◆ What the exercise asks
Please keep the pictures out and write out exactly the lines from the first in the data below through the one containing "Engagement Silver Chain", both included.

◆ Short text fragments from websites
◆ ◆ ◆ ◆ ◆
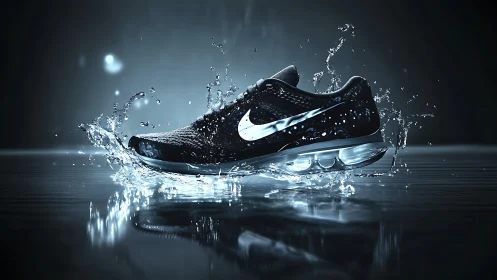 Black running shoe with water splash on reflective surface.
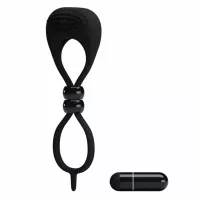 PRETTY LOVE péniszgyűrű Locker - fekete színben, vibrációs funkcióval, heregyűrűvel, vízálló, elemes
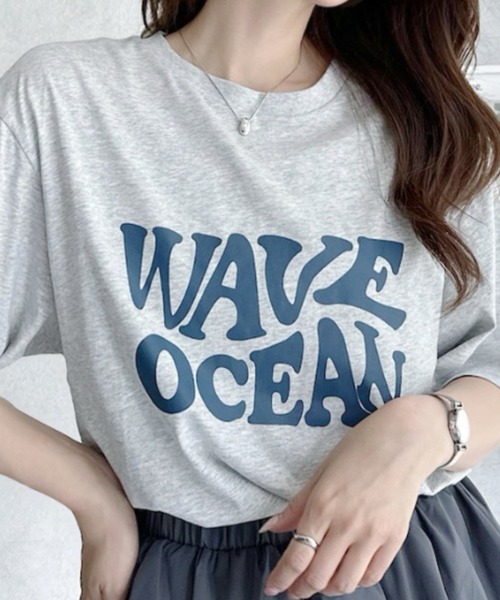umune(ウムネ)の「Tシャツ 半袖 フロントロゴ WAVEロゴ ビッグシルエット オーバーサイズ クルーネック カットソー トップス カジュアル 夏(Tシャツ/カットソー・レディース・ブラック/杢グレー/オフホワイト・FREE)」の3枚目の写真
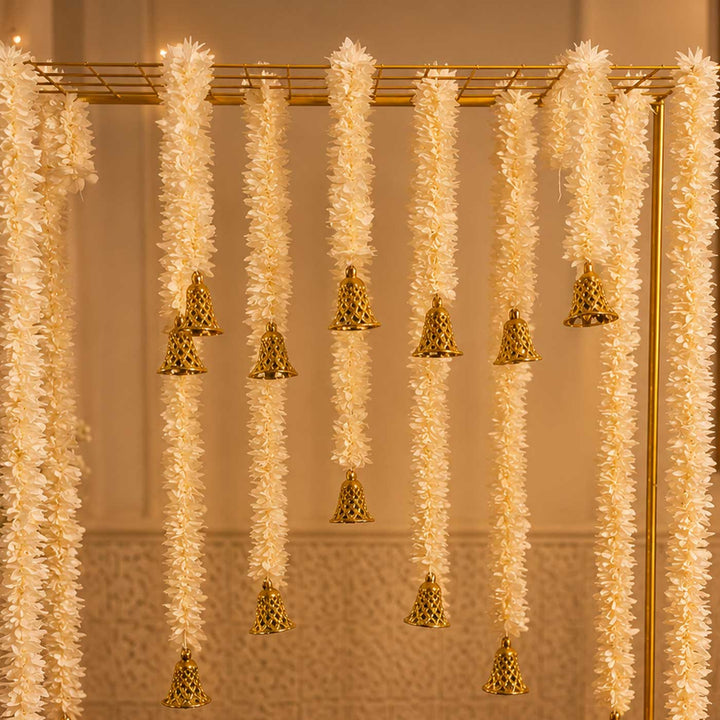 White Tassel Pooja Backdrop Decor Kit With Jaali Stand & 12 Hanging Tassels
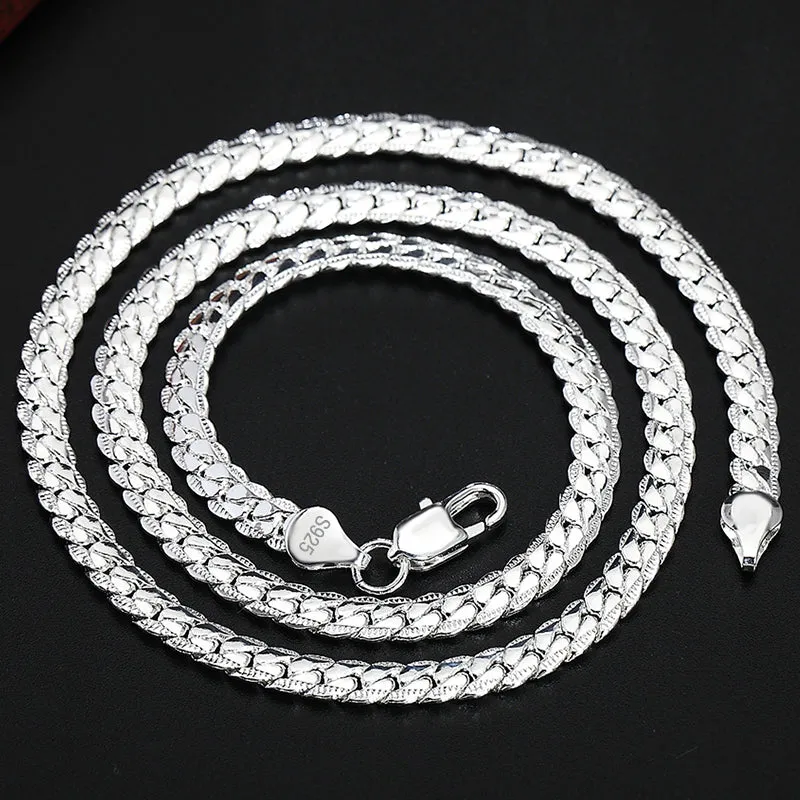 Engagement Silver Chain Necklace For Woman Wedding Jewelry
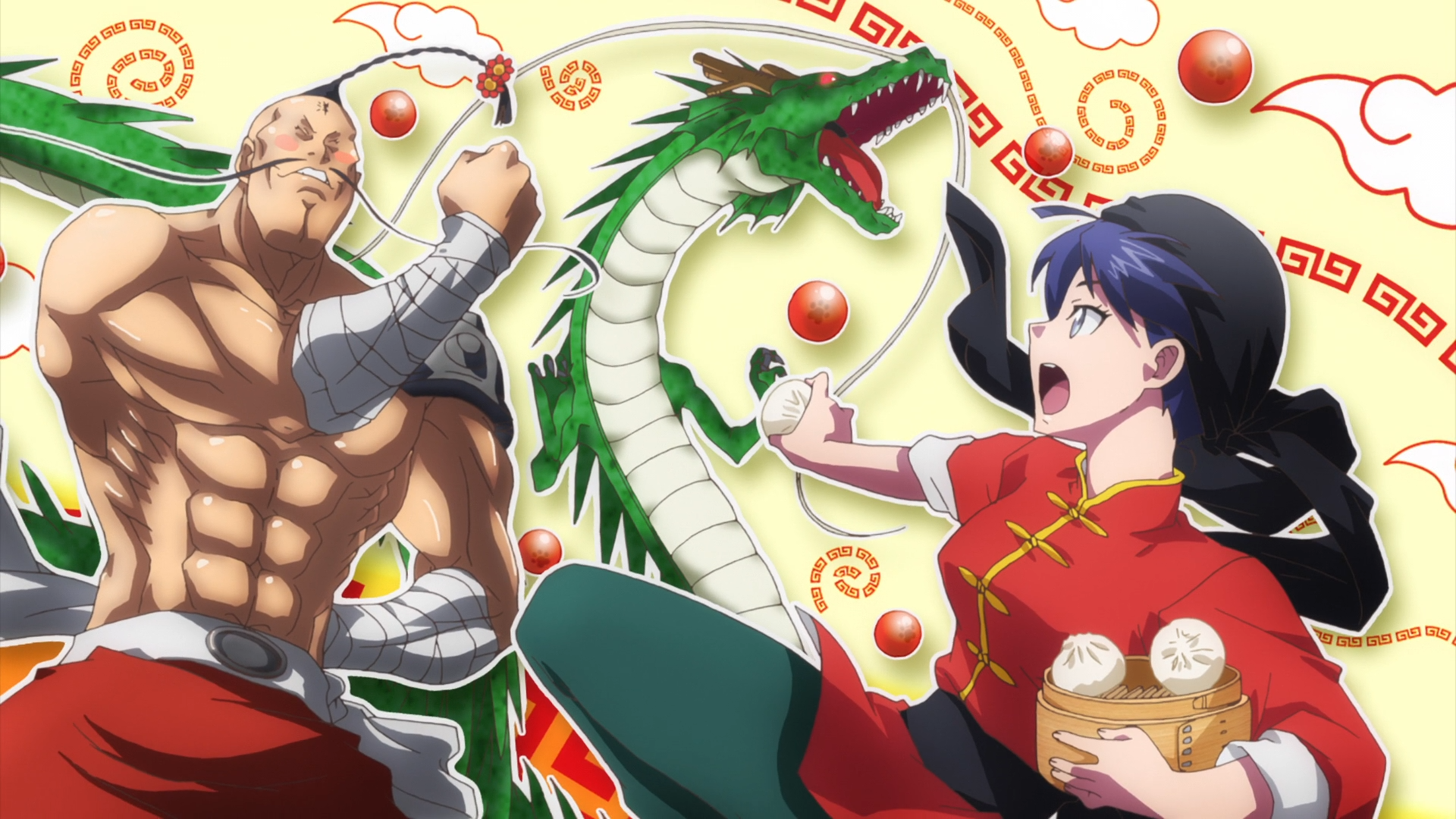 While dressed as Ranma Saotome from Ranma 1/2, Chinese cosplayer Beibei Yang faces off against parodies of Ramenman from Kinnikuman and Shenlong from Dragon Ball in a scene from the 2017 Anime-Gataris TV anime.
◆ ◆ ◆ ◆ ◆
◆ Solution
 Black running shoe with water splash on reflective surface.
 PRETTY LOVE péniszgyűrű Locker - fekete színben, vibrációs funkcióval, heregyűrűvel, vízálló, elemes
umune(ウムネ)の「Tシャツ 半袖 フロントロゴ WAVEロゴ ビッグシルエット オーバーサイズ クルーネック カットソー トップス カジュアル 夏(Tシャツ/カットソー・レディース・ブラック/杢グレー/オフホワイト・FREE)」の3枚目の写真
 White Tassel Pooja Backdrop Decor Kit With Jaali Stand & 12 Hanging Tassels
 Engagement Silver Chain Necklace For Woman Wedding Jewelry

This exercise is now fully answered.